Tabula trades space for time

|

Steve Teig pictured in front of several Tabula die-plotsI think the only sane advice I could give anyone on whether to start up a programmable-logic company today is: “I wouldn’t start from here if I were you.”

Perhaps the best response is to come up with what is, at first glance, the most insane architecture I’ve ever seen. Even its creator concedes that your best bet is not to think to what’s going inside because it gets too hard to conceptualise. Even the tools that build the design on Tabula’s architecture don’t deal directly with what happens inside the device.

Tabula is president and CTO Steve Teig’s fifth startup. Two were in electronic design automation (EDA) — the most recent being Simplex Solutions, which sold to Cadence Design Systems — and two in biotechnology. Even he spent a while, after leaving Cadence in 2003, wondering whether starting an FPGA company was a wise move considering the trail of dead companies that has formed in the wake of Xilinx’ and Altera’s dominance of the market since the early 1990s.

The company’s CEO, Dennis Segers, was responsible for the Virtex architecture at Xilinx — the company’s top-selling family of FPGAs — and was the man venture capitalists hauled in whenever they had a potential investment in an FPGA startup to make. And those VCs have not been short of choice in the past decade. Neither have they done very well out of it. Segers didn’t rate any of them.

However, after grilling Teig for several days in front of a whiteboard, Segers had a Victor Kiam moment and decided to join Tabula as CEO. The startup has a number of people who joined from Xilinx, including the vice president of sales, Steve Haynes, who had retired after leaving the number-one FPGA maker.

Teig contends that most of these companies started from the hardware and bolted on the design support later. Everyone still alive in the FPGA business knows it’s all about the tools. That’s how you can get away with selling chips for a thousand dollars a pop for those people who have to use the largest ones available. Teig says he started from a concept for an architecture, worked out whether it was possible to get a tool to support it and then find someone to work out how that hardware would work in practice. The result is, according to him, pieces of silicon that can sell for $200 versus the $1000+ an equivalent device from Xilinx or Altera might cost.

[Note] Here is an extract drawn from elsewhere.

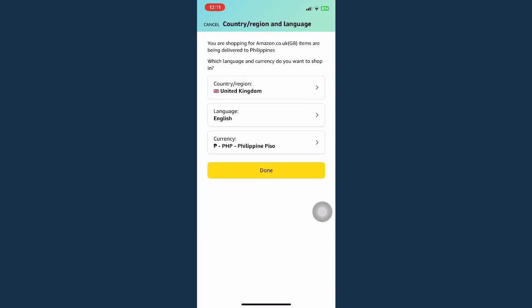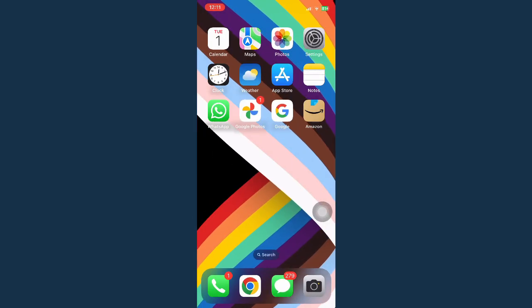So again, choose the country that you want and that's it. That's how you can change country in Amazon app.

Now, I concede that most of this reads like one of those lifestyle-meets-investment pieces that results from a slick presentation. It’s actually taken two full meetings to get to this point. I have reservations about the potential success of Tabula just given the recent history of the FPGA business and also because the approach taken by the company is novel — leading to design issues that can’t be readily assessed from a discussion about the architecture.

On the other hand, it’s such an audacious attempt to rethink the way hardware is implemented, you can’t fail to like it. At first glance, Tabula is simply a reconfigurable computing architecture. Students of the history of this area will realise that startups trying to do this have flamed-out even faster than FPGA startups.

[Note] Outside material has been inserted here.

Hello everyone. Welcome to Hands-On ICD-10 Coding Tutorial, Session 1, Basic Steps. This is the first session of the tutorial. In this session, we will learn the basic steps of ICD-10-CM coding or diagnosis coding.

The cost of programmability
The problem with reconfigurable machines up to now is that the cost of changing logic on the fly has been pretty high. It’s too hard to get the gigabytes of data into a device to sustain any kind of throughput. For example, the architecture put together by Stretch was superficially interesting but hobbled by the speed at which you could shovel data into the device.

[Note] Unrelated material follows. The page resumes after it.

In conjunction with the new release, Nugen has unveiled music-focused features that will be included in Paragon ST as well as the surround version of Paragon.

What Teig calls the ‘spacetime’ architecture is different because the memory used to store the chip’s state is held so close to the actual logic. It also benefits by the way in which scaling trends have provided some things, such as raw clock speed, in excess without the ability to use that speed fully. And active power continues to creep down, albeit more slowly than before, while static power consumption inexorably moves up. As static power is largely proportional to the number of idle transistors on a device, having a high ratio of active versus idle transistors is A Good Thing. And being able to get the same amount of logic out of fewer transistors is also A Good Thing.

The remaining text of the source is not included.